DNA Immunotherapy Targets Two Alzheimer's Diseases – Precautions Vaccinations



A New Animal Study by UT Southwestern Peter Oddonell Jr. The brain institute shows that a vaccine delivered to the skin prompts an immune response that reduces the installation of harmful Tau and beta-aminoid proteins without tearing severe brain swelling.

The study consisting of fourteen and twenty-four cats between each and every one showed that the vaccine had a 40 percent reduction in beta-amoioid and up to 50 percent reduction in Tau, with no adverse response.

The vaccine strategy is on a brief list of promising antibody treatments aimed at protecting both types of proteins that kill brain cells as they spread in deadly plaques and tangles on the intelligence of Alzheimer's disease patients.

"This study is the culmination of a decade of research that has repeatedly demonstrated that this vaccine can effectively and safely aim at animal models that we think may cause Alzheimer's disease," said Dr. Roger Rosenberg, founding Director of the Alzheimer's Disease Center at UT Southwestern, in a press release.

"I believe we get close to testing this therapy in people."

The research is published Alzheimer's Research and Therapy Demonstrates how a vaccine with DNA coding for a beta-amoiloid segment also reduces Tau in mice to have Alzheimer's disease.

In addition, the vaccine elisits a different immune response that may be safe for humans.

Two previous studies of Dr. Rosenberg's Lab showed similar immune responses in rabbits and monkeys.

Dr. Rosenberg's team predicts that if the aminoid and Tau are the cause of Alzheimer's disease, the reductions in humans can have a major therapeutic value.

"If the onset of Alzheimer's disease can be delayed by 5 years, it would be huge for patients and their families," said Dr. Doris Lambracht-Washington, the senior author of the study.

"The number of dementia cases may fall by half."

Alzheimer's disease is characterized by progressive deterioration of the brain as neurons are destroyed.

About 5.7 million Americans have the fatal disease, with the number expected to double by 2050, according to the Disease Control and Prevention Centers.

No effective treatment exits, although some antibodies and other therapies were researched and tested in clinical trials to target amiboid plaques and Tau tangles – both hormars of the disease.

This study is the recent contribution to decades of research focusing on chlorinated toxic proteins in hopes of preventing or slowing the progression of Alzheimer's disease.

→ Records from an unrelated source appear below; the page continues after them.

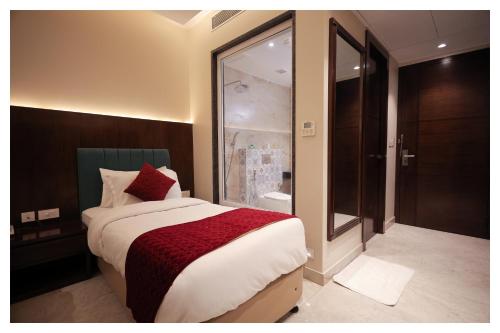a bedroom with a large bed and a bathroom at HOTEL ROYAL VILAS9 in Gajraula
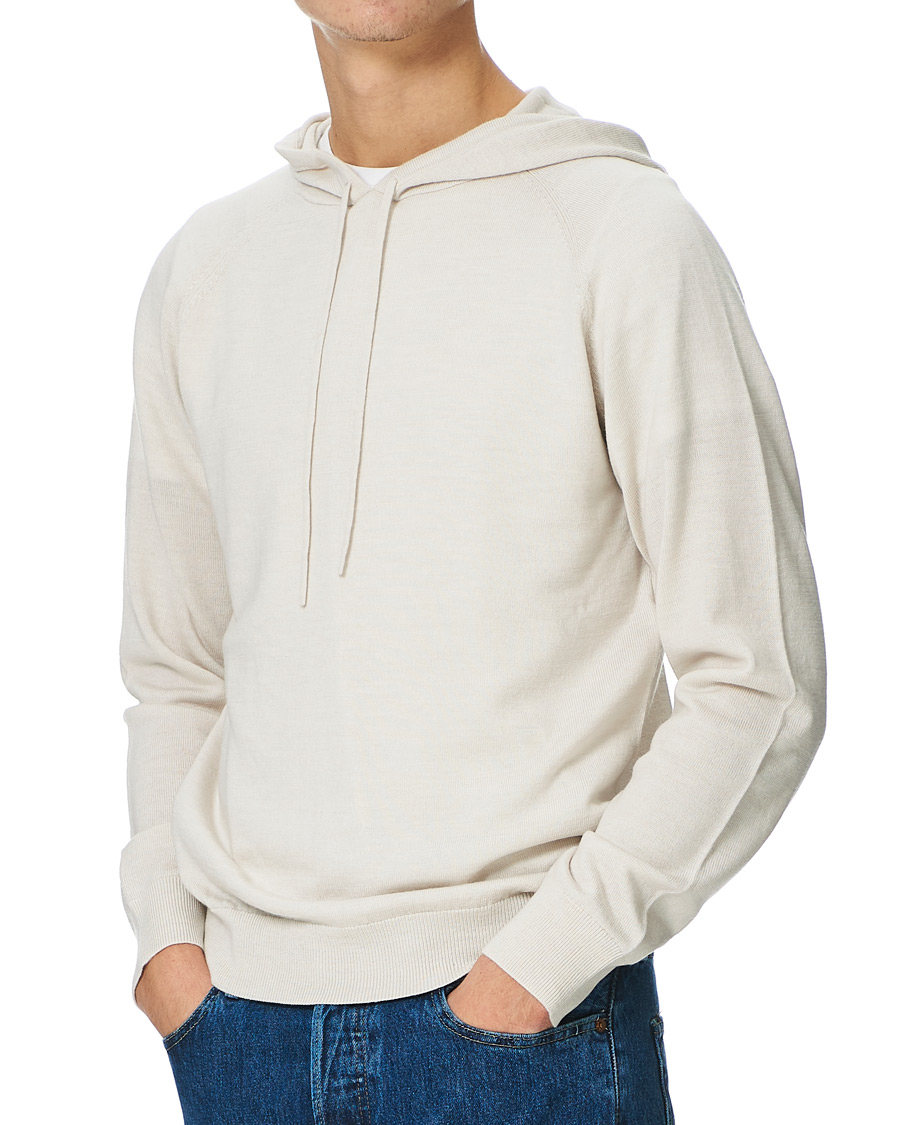 Herr | Tröjor | Tiger of Sweden | Nakkne Knitted Merino Hood Buttercreme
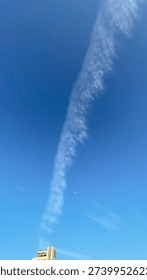 Moon and Linear Cloud Formation Over Urban Skyline.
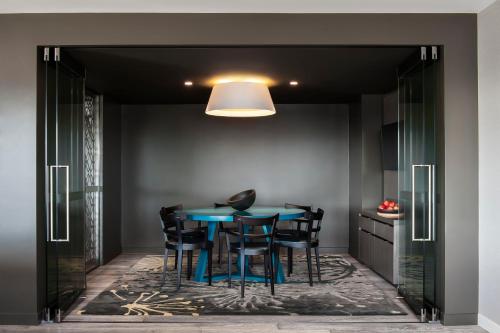 a dining room with a blue table and chairs at PARKROYAL Darling Harbour, Sydney in Sydney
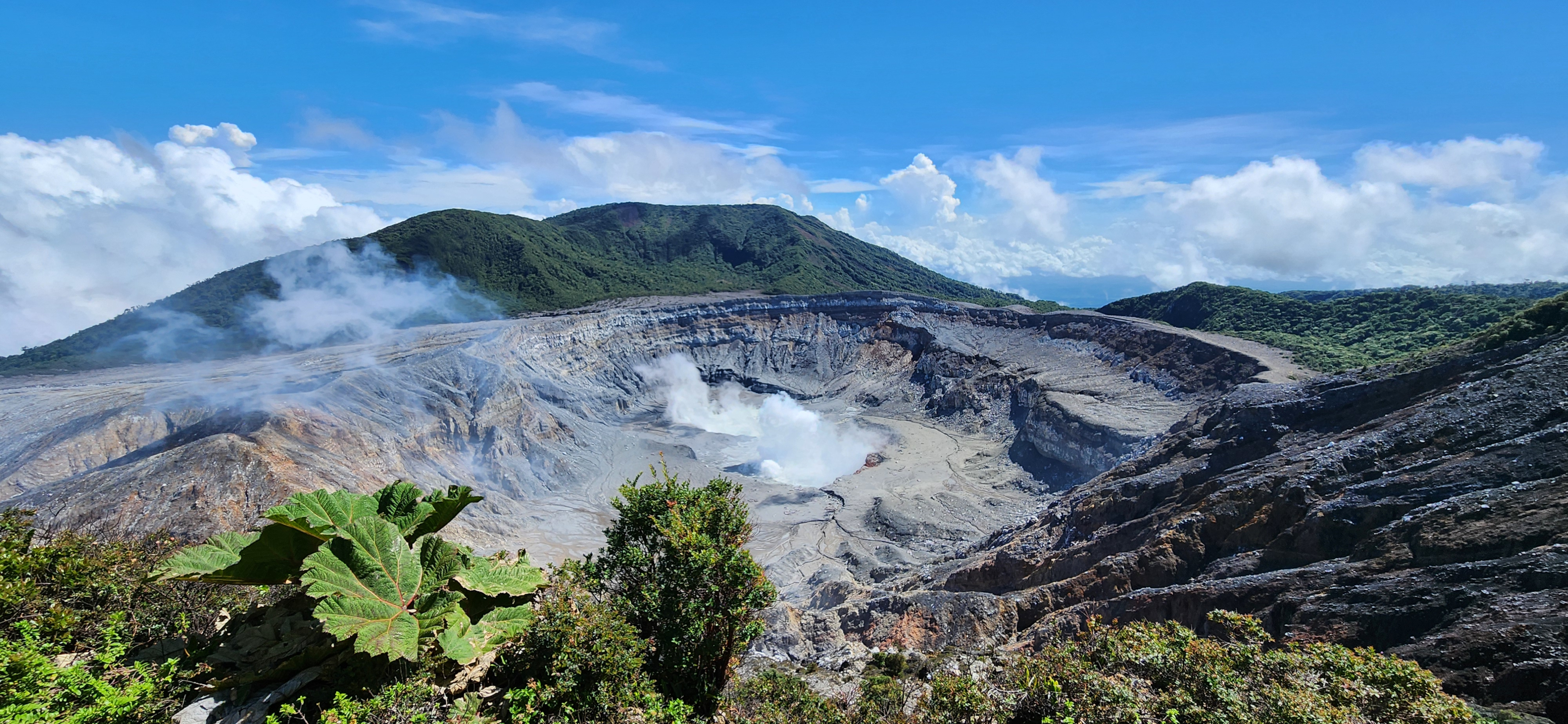A volcanic crater with rising steam, surrounded by green mountains under a blue sky.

Scientists have also been trying to develop a method of diagnosing the condition in its earliest stage so that a future breakthrough therapy can be given before the brain enters.

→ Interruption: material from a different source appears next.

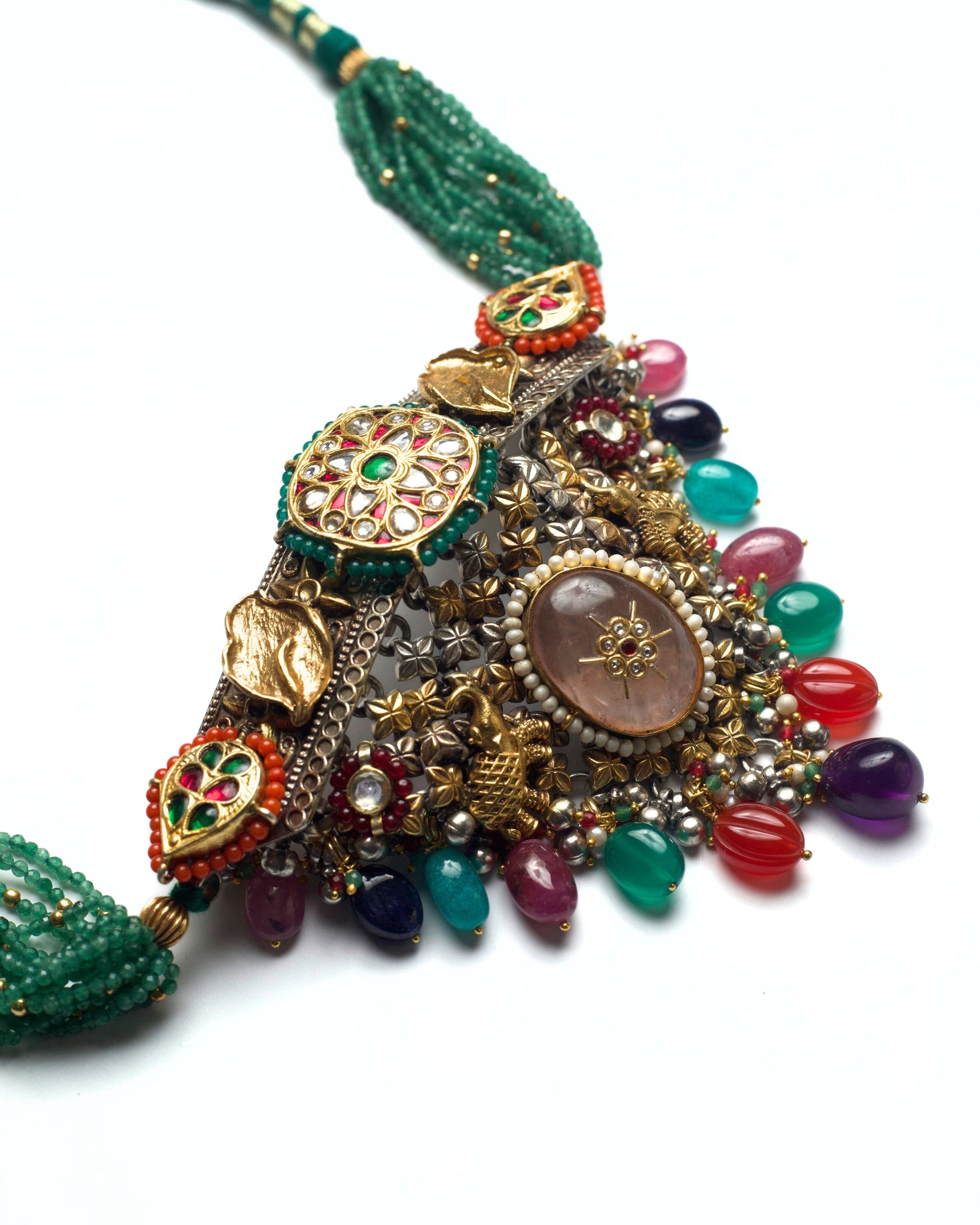Side detail of choker featuring elephant motifs and hand-set stones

The field advanced significantly earlier this year when UT Southwestern scientists found a "Big Bang" of Alzheimer's disease – the precise point in which a good Tau molecule becomes harmful, but has not yet produced tangles in the brain.

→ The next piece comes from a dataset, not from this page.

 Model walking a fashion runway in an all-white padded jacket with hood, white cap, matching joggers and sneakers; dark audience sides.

The healthy human brain contains tens of billions of neurons-specialized cells that process and transmits information by electrical and chemical signals. They send messages between different parts of the brain, and from the brain to the muscles and organs of the body, says the Nih.

Alzheimer's disease disorders the communication between neurons, resulting in loss of function and cell death.

Dr. Rosenberg is a professor of Physiology and Neurology & Neurotherapeutics. He holds the Abe (Brunky), Maurice and William Zale Discharged Chair in Neurology.

Dr. Lambracht-Washington is an Assistant Professor of Neurology & Neurotherapeutics.

The research is also supported by the National Institutes of Health; The zale Wikipedia; The Rudman Foundation; The Presbyterian Village North Foundation; Freiber, Loser, and Denker Family Funds; Triumph over Alzheimer's; And avare.

UT Southwestern, one of the first academic medical centers in the nation, integrates pioneering biomedical research with exceptional clinical care and education.